I think eliminating handmade software ultimately is a proposition balanced
between a tautology and an oxymoron; everything new that is created is "by
hand" and everything else is existing software. Anything that can be reused
is. Saying we need to reuse more is not right or wrong, it's just empty.

------
mikorym
Cool comic. My personal view on the matter is that the advent of globalisation
and the internet (and perhaps printed matter before that to a lesser extent)
naturally leads to a handful of superstars rather than a basket full of
mentors.

You are not just flooded with research, but you are inevitably guided by
reported research. Why would you read an obscure paper if you don't already
know it's worth it and it's a good paper?

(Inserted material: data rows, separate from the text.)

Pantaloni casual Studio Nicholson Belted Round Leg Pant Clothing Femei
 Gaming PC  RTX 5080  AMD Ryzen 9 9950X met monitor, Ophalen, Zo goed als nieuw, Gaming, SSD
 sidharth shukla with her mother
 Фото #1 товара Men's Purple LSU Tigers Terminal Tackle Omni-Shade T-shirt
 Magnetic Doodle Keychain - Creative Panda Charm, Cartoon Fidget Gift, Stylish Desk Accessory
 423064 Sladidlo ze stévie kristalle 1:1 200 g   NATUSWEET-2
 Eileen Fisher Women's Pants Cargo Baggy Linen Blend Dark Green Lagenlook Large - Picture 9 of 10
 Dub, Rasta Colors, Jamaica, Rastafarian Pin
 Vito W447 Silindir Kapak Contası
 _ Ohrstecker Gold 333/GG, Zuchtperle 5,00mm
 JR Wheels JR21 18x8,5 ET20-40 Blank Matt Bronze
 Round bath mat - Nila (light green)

I would as a suggestion say that be happy to do self-discovery of known
results as a way to build your core skills, without an obsession with making a
contribution and do what you can to keep your grant. If you do discover
something new, study it to some level of depth so that your paper is actually
accessible to the masses rather than publishing a new result that becomes
obscure. (Which is the worst case scenario, isn't it?)

EDIT: In terms of data volume vs. theory, the same holds for you, personally.
The more time you spend reading disparate things, the less focused you become
on knowing less things but in depth.

------
todaysAI
The crux of the article is what Einstein said: imagination is more important
than knowledge.